■ **What you will do**
Only the lines from the one holding "A person sitting" to the end of the data should be echoed, exactly as they appear, minus the pictures.

(Caption-style text data)

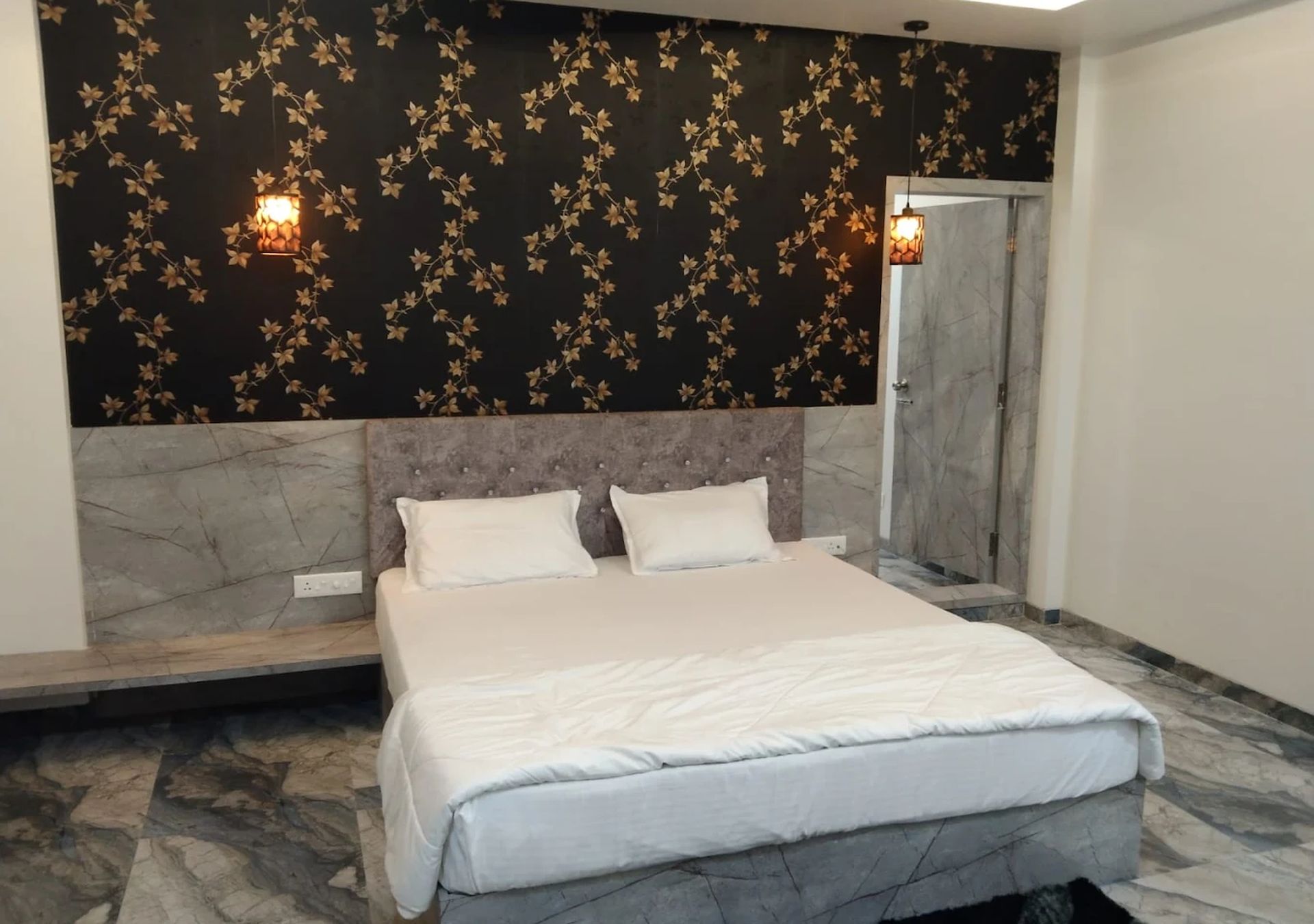 Un dormitorio con una cama, dos almohadas, suelo de mármol, pared de un diseño oscuro y dos luces fijadas a la pared.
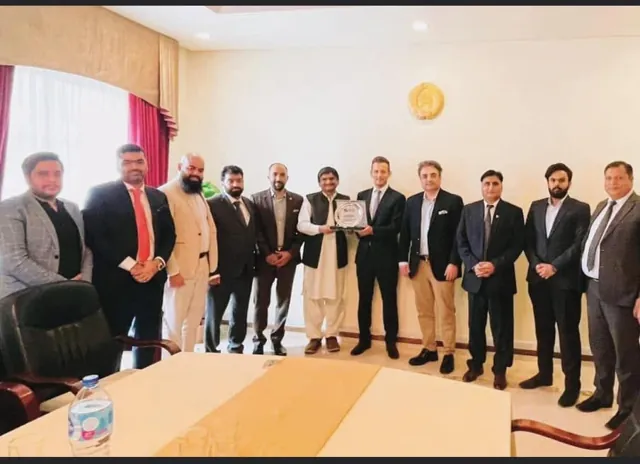 A delegation in business dress standing in a meeting room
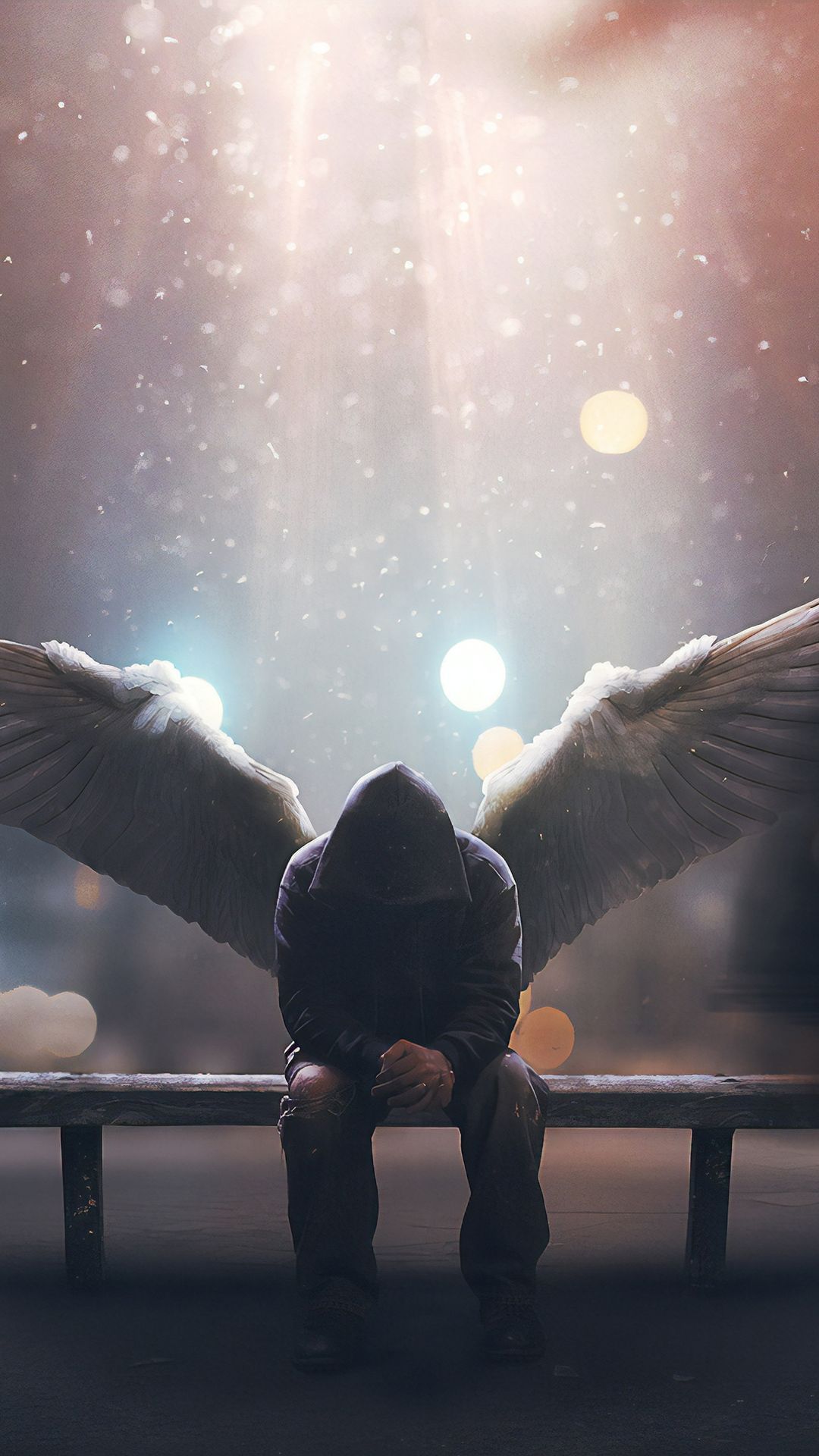 A person sitting on the bench with wings - Wings
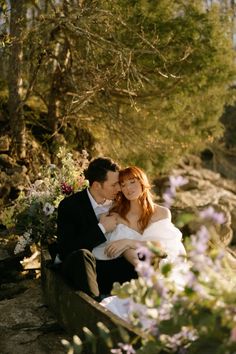 a bride and groom are sitting on a bench in the woods with wildflowers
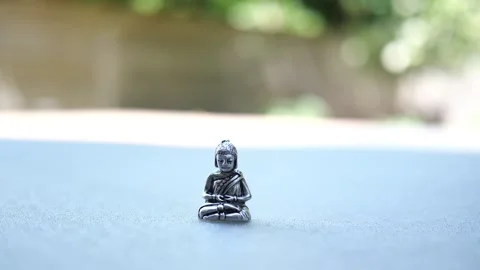 Tiny Buddha in focus with a man in the background doing various house chores Vidéo 278544258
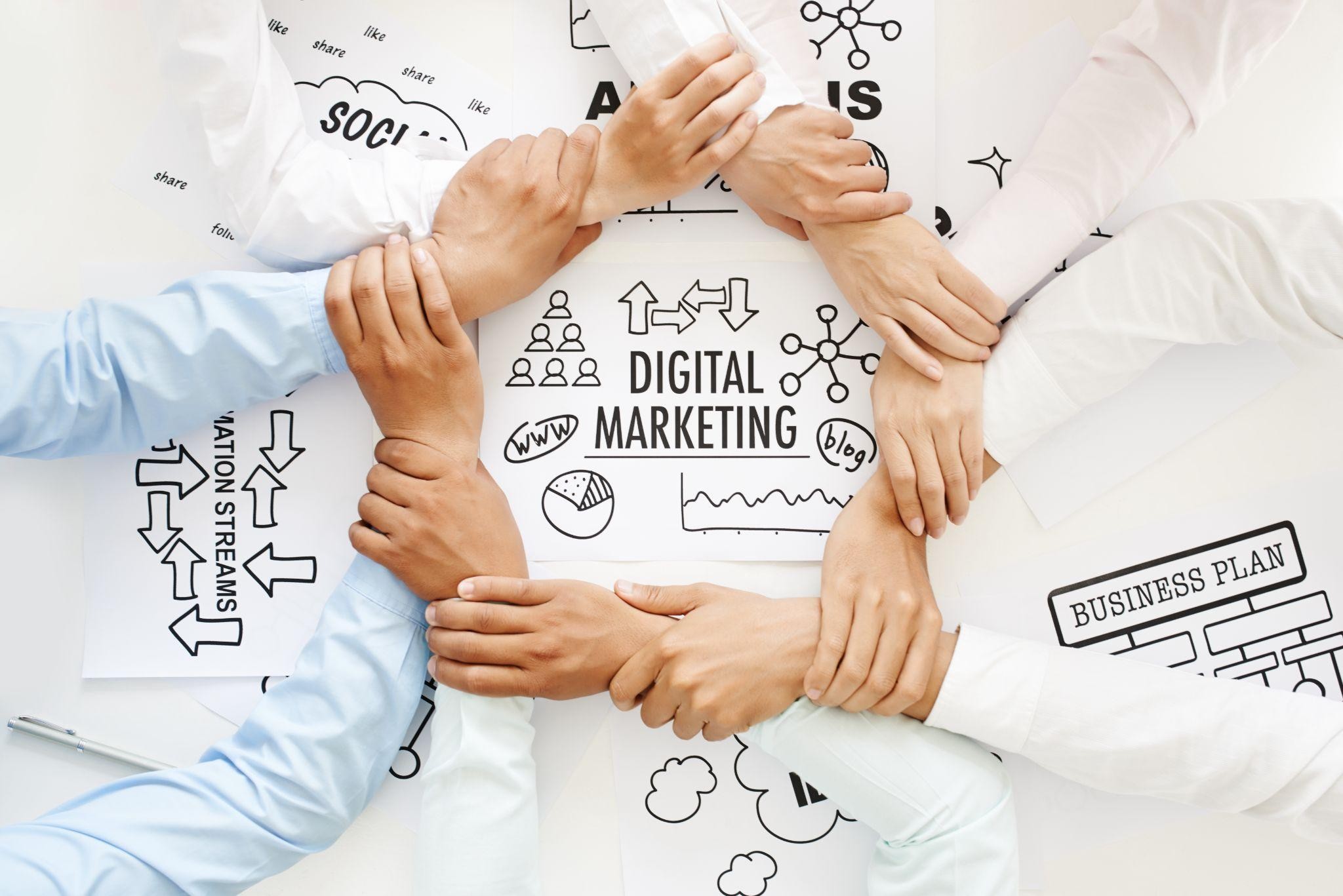 Marketing team linking hands over strategy sketches labeled “Digital Marketing,” illustrating what are the 4 types of digital marketing for movers.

■ **Your solution**
 A person sitting on the bench with wings - Wings
 a bride and groom are sitting on a bench in the woods with wildflowers
 Tiny Buddha in focus with a man in the background doing various house chores Vidéo 278544258
 Marketing team linking hands over strategy sketches labeled “Digital Marketing,” illustrating what are the 4 types of digital marketing for movers.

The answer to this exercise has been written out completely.